■ Available data:
--- START ---
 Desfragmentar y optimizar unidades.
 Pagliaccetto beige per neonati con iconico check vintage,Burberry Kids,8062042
--- END ---
--- START ---
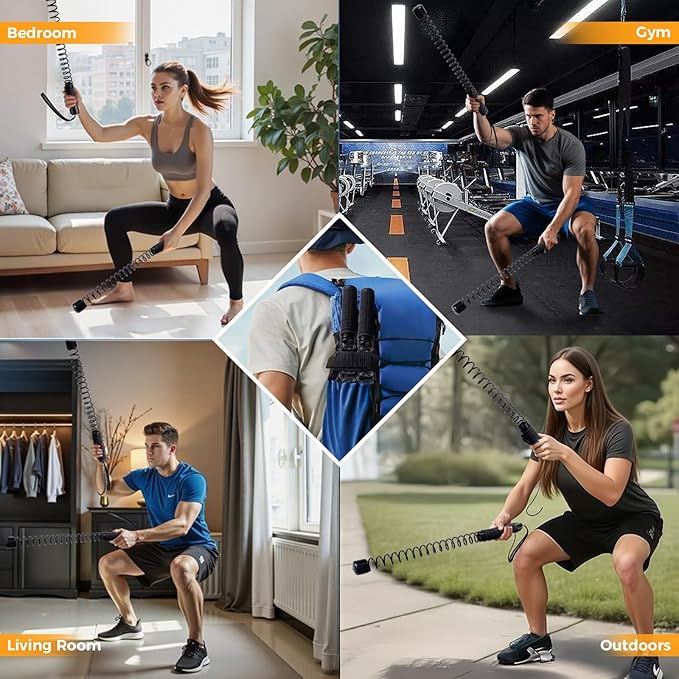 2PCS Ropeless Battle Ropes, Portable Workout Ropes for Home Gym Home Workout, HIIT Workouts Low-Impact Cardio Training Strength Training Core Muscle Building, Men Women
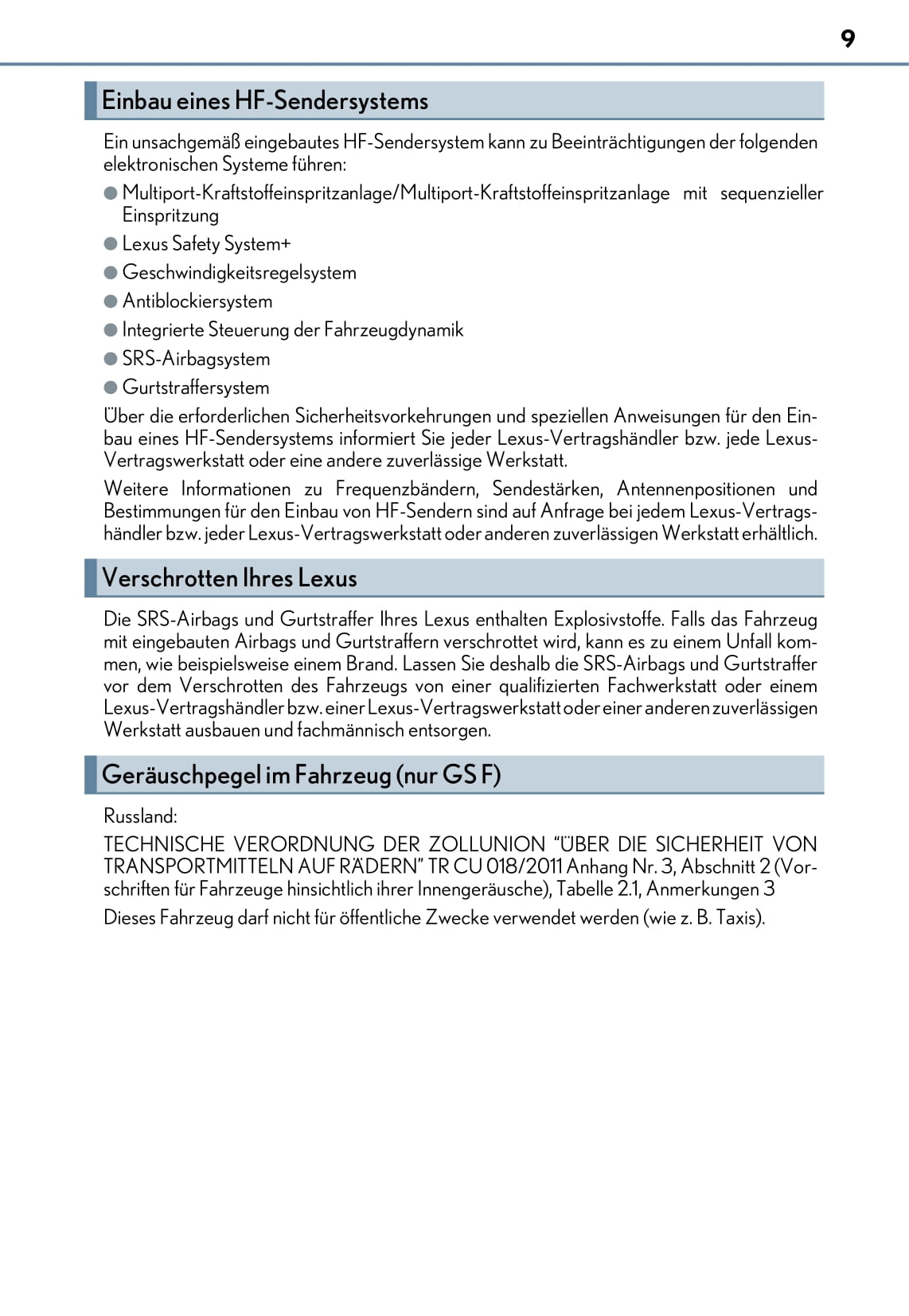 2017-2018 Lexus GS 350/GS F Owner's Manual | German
--- END ---
--- START ---
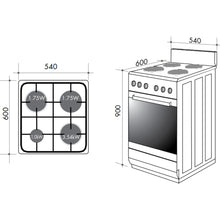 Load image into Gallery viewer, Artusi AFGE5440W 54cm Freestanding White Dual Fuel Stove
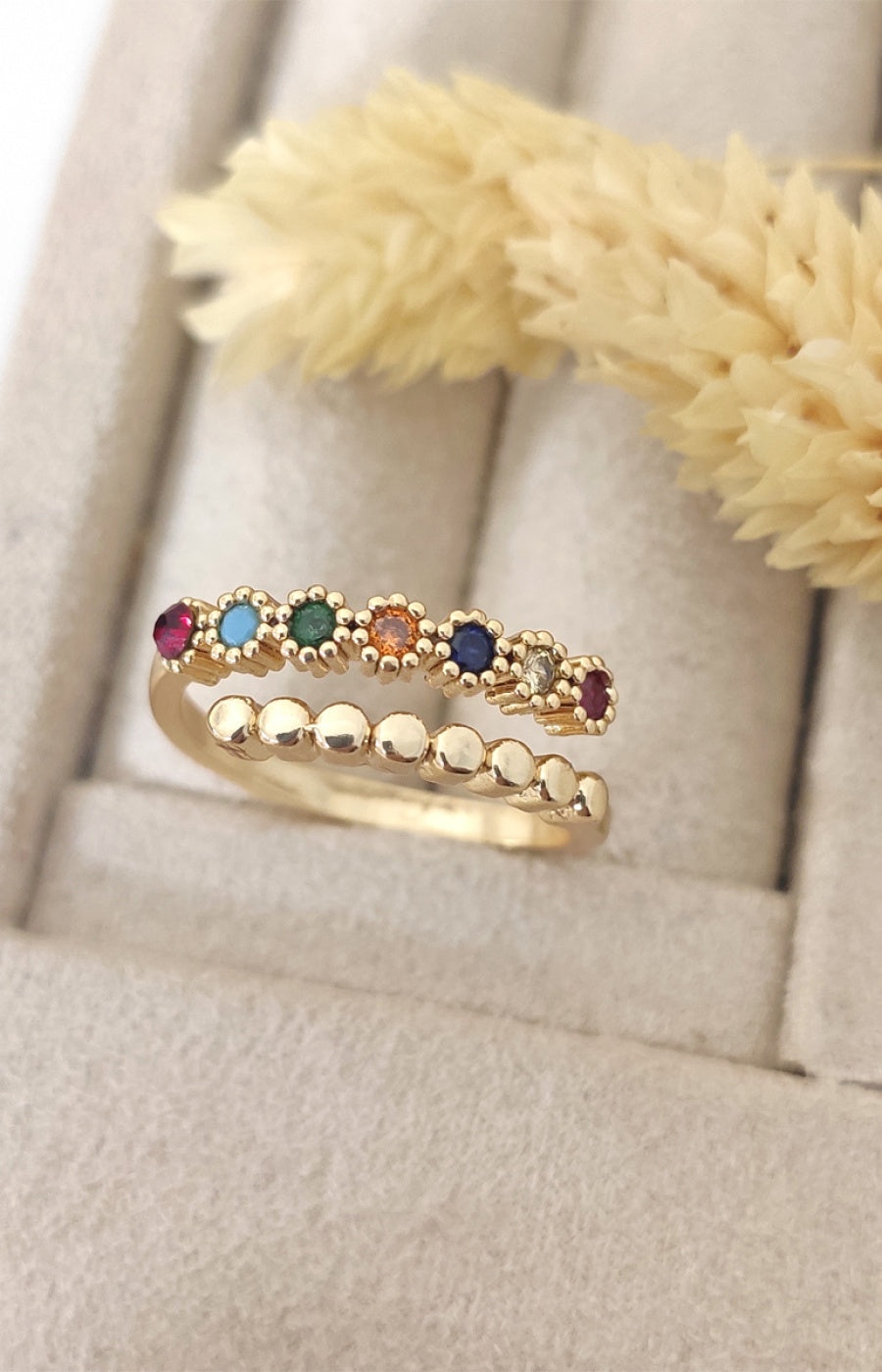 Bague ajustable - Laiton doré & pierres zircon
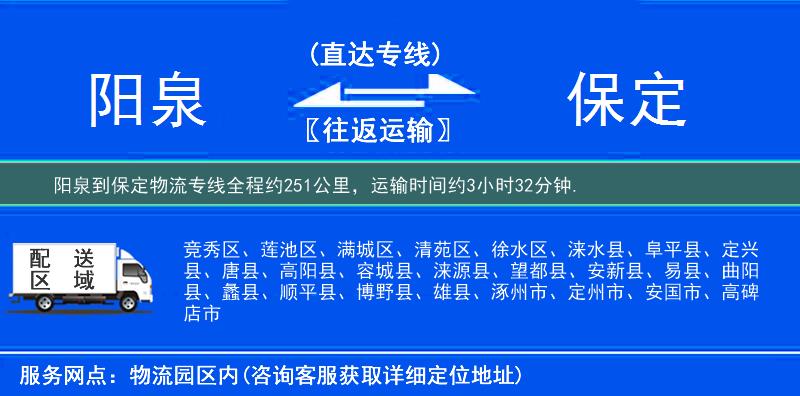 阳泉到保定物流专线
--- END ---
■ Work to complete: Take the stretch of lines above from the one containing "Desfragmentar y optimizar unidades." through the one containing "Pagliaccetto beige per" and repeat it exactly, adding no other line.

■ Solution below:
 Desfragmentar y optimizar unidades.
 Pagliaccetto beige per neonati con iconico check vintage,Burberry Kids,8062042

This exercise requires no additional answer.